• [Supplied material]
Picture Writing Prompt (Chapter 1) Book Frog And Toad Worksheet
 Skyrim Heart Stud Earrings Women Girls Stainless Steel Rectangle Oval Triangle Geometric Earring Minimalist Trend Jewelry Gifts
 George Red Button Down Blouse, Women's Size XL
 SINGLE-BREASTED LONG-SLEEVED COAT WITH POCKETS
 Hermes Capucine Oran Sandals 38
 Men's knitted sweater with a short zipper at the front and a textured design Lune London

• [What you need to do] Go line by line through the material and count the lines holding the word "Women". State only the total.

• [Written reply] 2